= WORK ORDER =
Once you find the line with "2013 KIA Optima" in the listing below, set down exactly every line from it through the line with "Dacia Logan 09-13", but no pictures.

= SOURCE DATA =
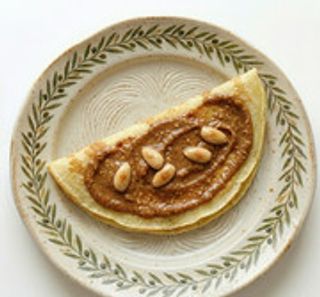 Crêpe Amlou aux amandes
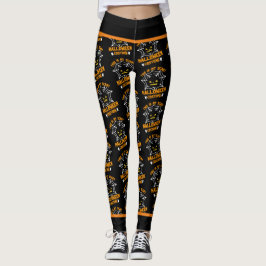 Legging Esta é a minha fantasia de Halloween
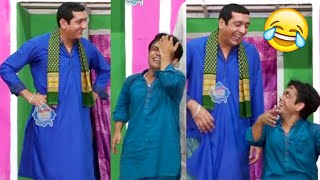 Best Of Zafri Khan and Vicky Kodu with Shazeb Mirza Stage Drama Comedy Clip 2020 [upl. by Eilsew237]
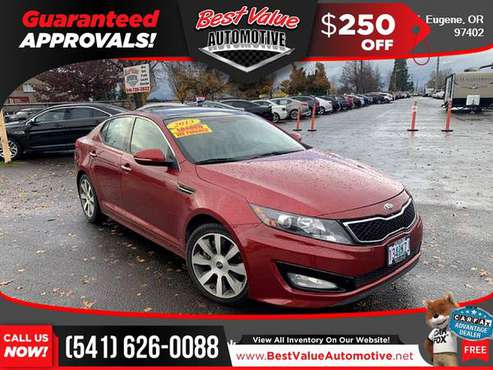 2013 KIA Optima SX w/Chrome Limited Pkg FOR ONLY $288/mo! - cars &... for sale in Eugene, OR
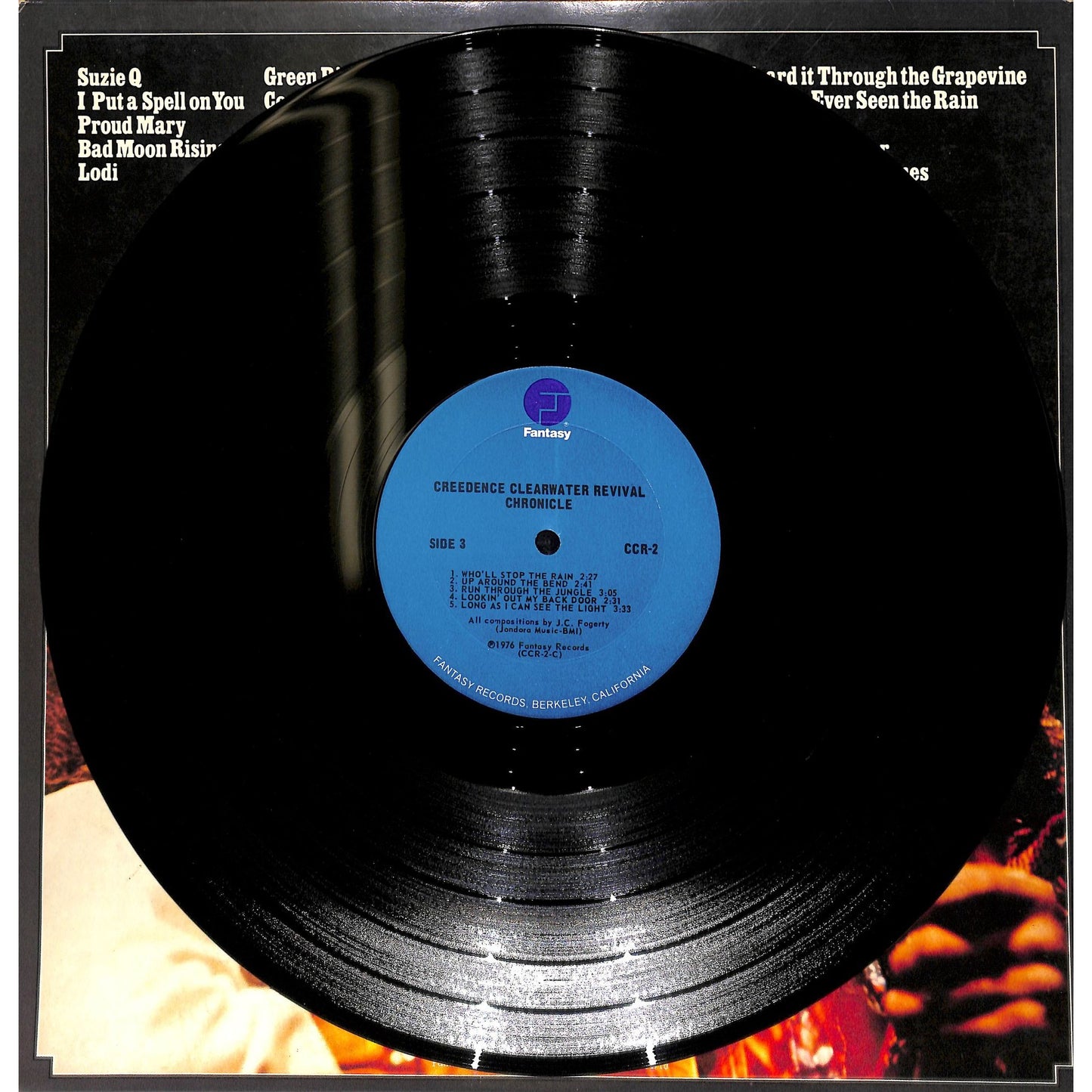 Creedence Clearwater Revival Feat. John Fogerty - 20 Greatest Hits Vinyl Record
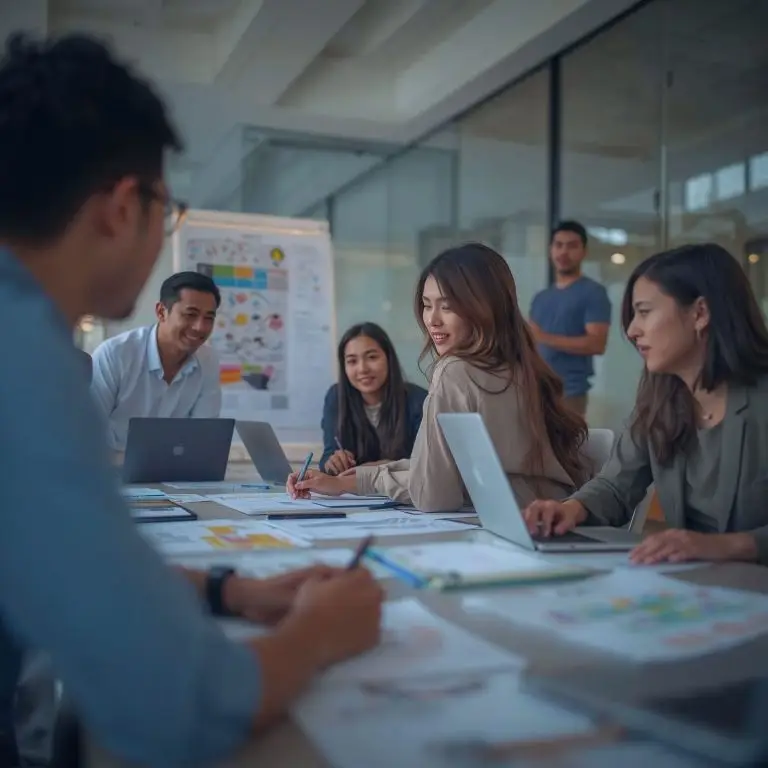 creating ideas to digital experience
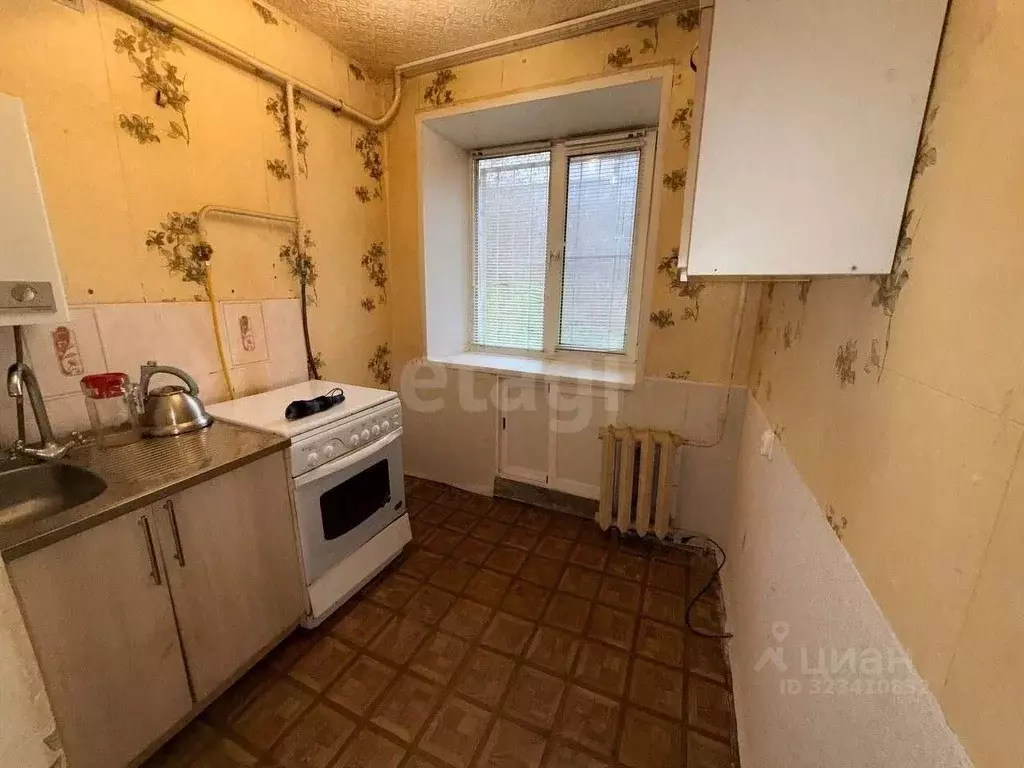 1-к кв. Ярославская область, Рыбинск бул. Победы, 30 (30.0 м) - Фото 1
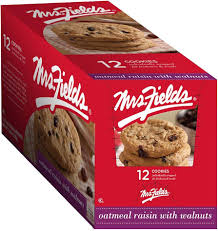 (S2-08) Box - Canada - Mrs. Fields Serve - Oatmeal Raisin Nut 60g x 12 units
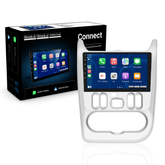 Dacia Logan 09-13 - 9" radio med Apple CarPlay og Android Auto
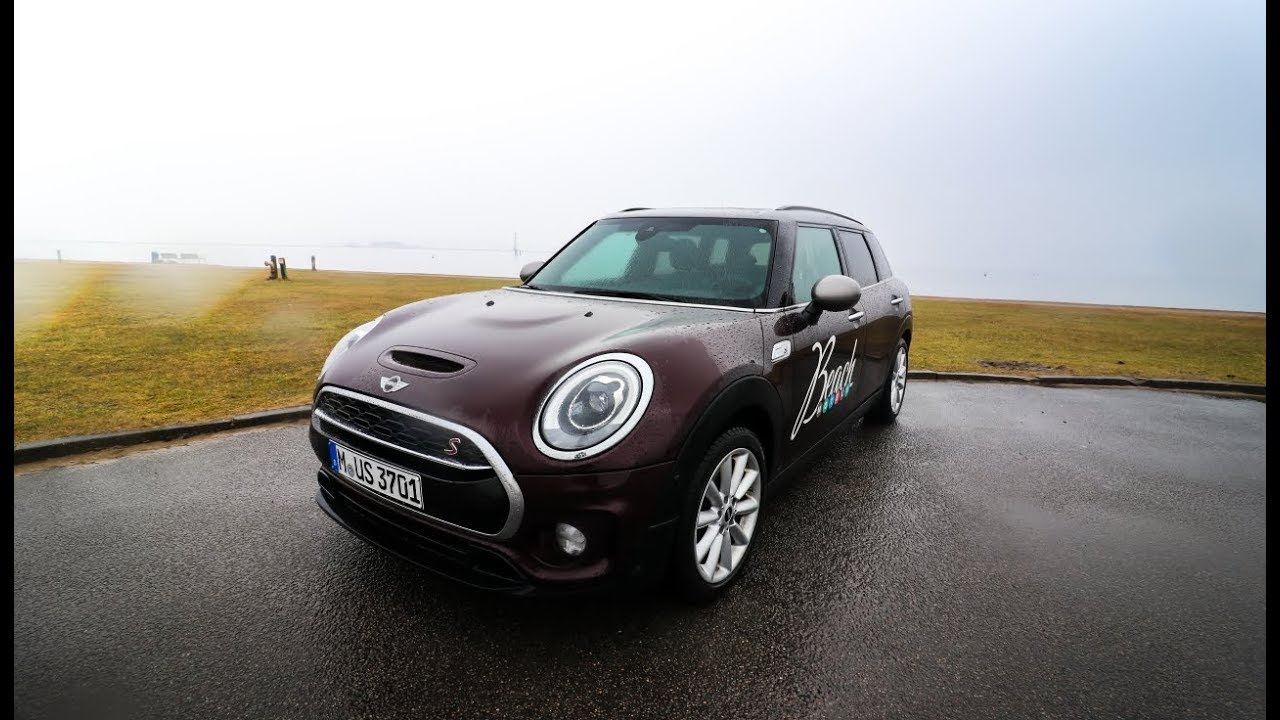 Der coole Kombi? MINI Clubman S 2018 | Jazzy Into Cars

= ANSWER SECTION =
 2013 KIA Optima SX w/Chrome Limited Pkg FOR ONLY $288/mo! - cars &... for sale in Eugene, OR
 Creedence Clearwater Revival Feat. John Fogerty - 20 Greatest Hits Vinyl Record
 creating ideas to digital experience
 1-к кв. Ярославская область, Рыбинск бул. Победы, 30 (30.0 м) - Фото 1
 (S2-08) Box - Canada - Mrs. Fields Serve - Oatmeal Raisin Nut 60g x 12 units
 Dacia Logan 09-13 - 9" radio med Apple CarPlay og Android Auto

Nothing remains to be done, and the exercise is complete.